I decided I would return to KUOW. I gave up on KUOW
during the Clinton years for the same reason I am now giving up on Seattle’s
KPTK. But at least KUOW runs programs like Bill Moyers and David Barsamian’s Alternative Radio. Their news continues
to be a little biased toward corporations, such as a report I heard yesterday
about WalMart’s commencement of a shipping program, which framed it in such a
warm, positive light it was practically a commercial. But the kicker is waking
up to the BBC in the morning. Our alarm goes off at 4:30 a.m., so it’s nice
getting those beautifully modulated British voices with crisp diction and shiny
Sterling syllables, even when the content is horrific.
The whole country has now moved so far to the right
that progressives like me are mocked by people like John Fugelsang who calls the more radical progressives who accuse Obama of betraying his base and core principles as whiny
idealists and dismisses our grievances as childish, unrealistic wishes for lollipops and ponies. No, John,
we’re upset because Obama has accelerated the drone program, has not restored
habeas corpus, and has signed the National Authority Defense Act, robbing
everyone of legal defense in case we are erroneously arrested as so-called
“terrorists” during a protest. Just for starters.
Returning to KUOW is a little like returning home to
parents you don’t entirely get along with, but you still love them, and they
still help give you a modicum of comfort and stability in a world on its way to
mass extinction.
The problem is, we can barely get KUOW on our radio.

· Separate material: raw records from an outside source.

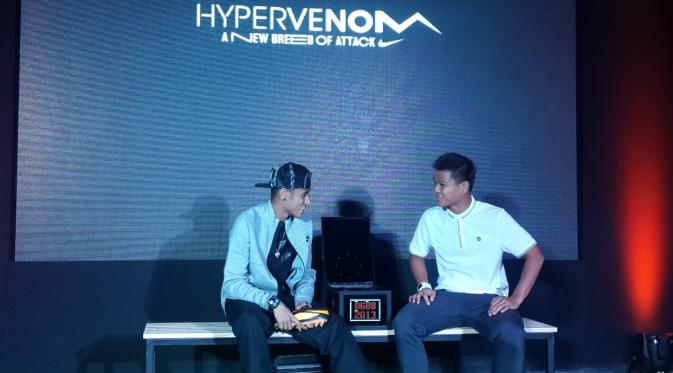 Bintang Barcelona, Neymar (kiri) bersama Footwear Product Line Manager Nike Global Football. Aik Leong LIM, pada acara launching Hypervenom I, di Bangkok, 2013. (Bola.com/Ary Wibowo).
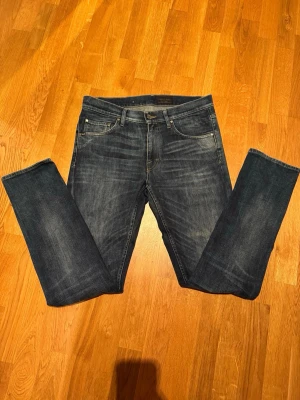 Mörkblå jeans från Tiger of Sweden - Snygga mörkblå jeans från Tiger of Sweden. Slimfit modell med väldigt skönt material. Inte använda många gånger och väldigt bra skick!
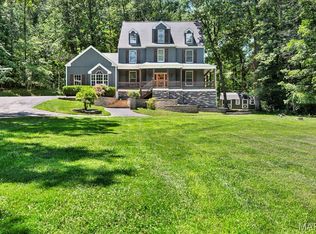 1827 Shiloh Woods Rd, Chesterfield, MO 63005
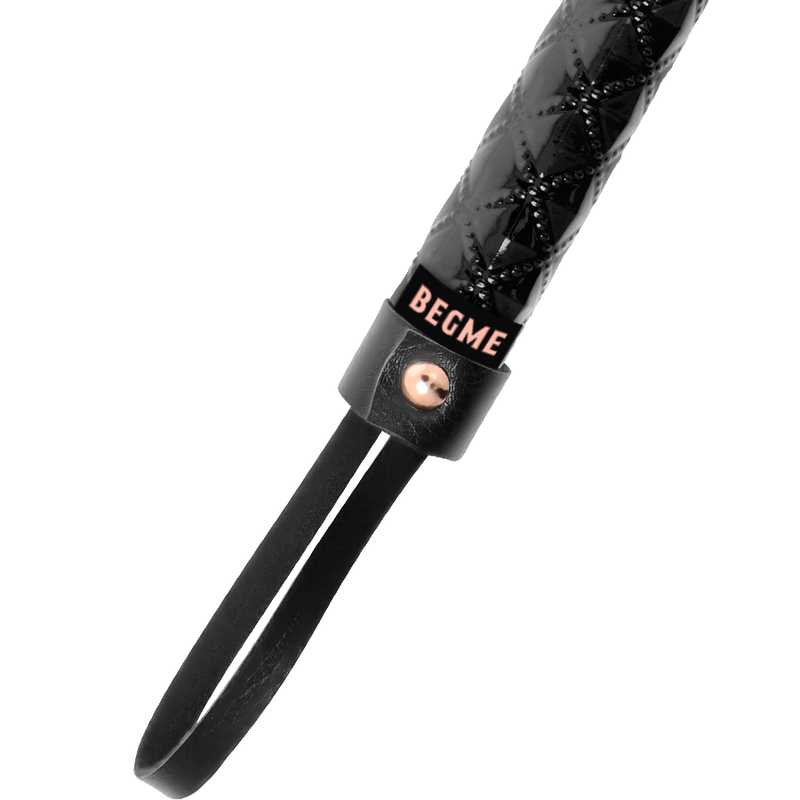 BEGME - FLOGGER DE CUERO VEGANO EDICIÓN NEGRA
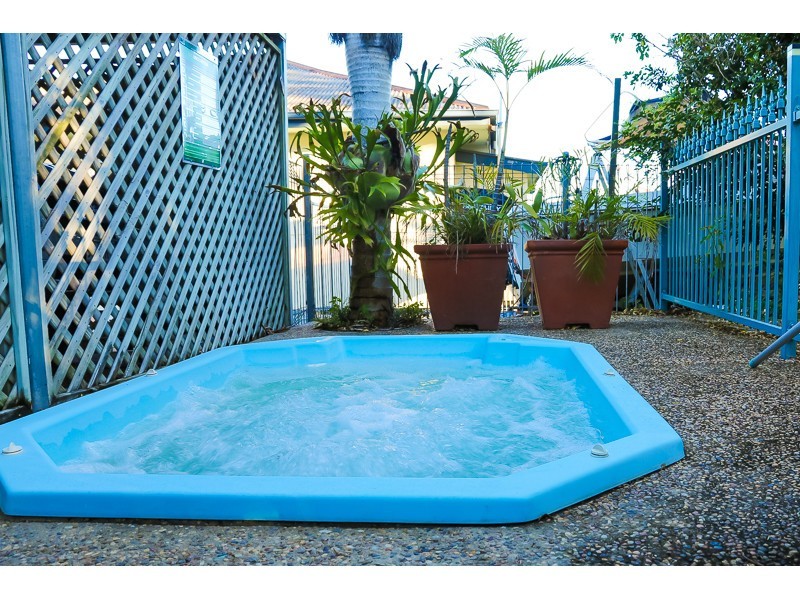 16 Bowen Street, The Range QLD 4700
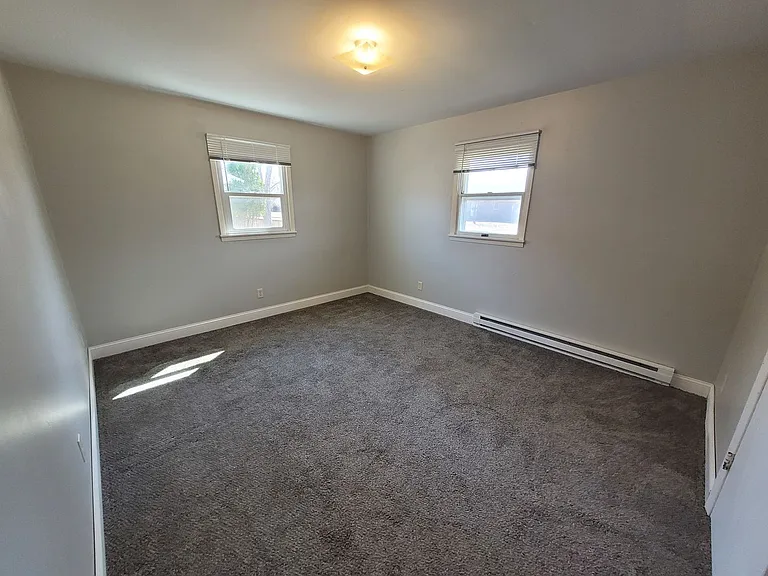 3204-3206 Runway Ave — Photo 7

You’d think it was one of the strongest signals in Seattle. It is one of the strongest signals in
Seattle. A powerful 100,000 watt signal originating from a transmitter on
nearby Capitol Hill reaches east to the Cascade Mountains, west to the Olympic
Mountains, south into Pierce and Thurston counties, and north into Snohomish,
Skagit and Island counties. So why don’t we get it nice and clear? We’re lucky
if we’re able to hear it all. I’ve tried moving the radio to different
locations, none too far from the bed, of course, so I can reach it, without
appreciable effect.
And so it is that I have entered into the domain of
the radio and attempting to understand just how it catches those waves out of
the air and converts them into voices and music. The BBC recommends that the
best solution is an outdoor aerial. But we live in a condo. Where would we put
an outdoor aerial? And don’t they make radios now with some sort of digital
capacity? Whatever that means. I just hear digital and think that that will
take care of everything.
Today is Thanksgiving. So the radio adventure will
have to go on the back burner for a while. Meanwhile, I shall regale myself
with baffling YouTube videos about carrier frequencies, kilohertz,
electromagnetic waves and high voltage oscillators with adjustable frequencies.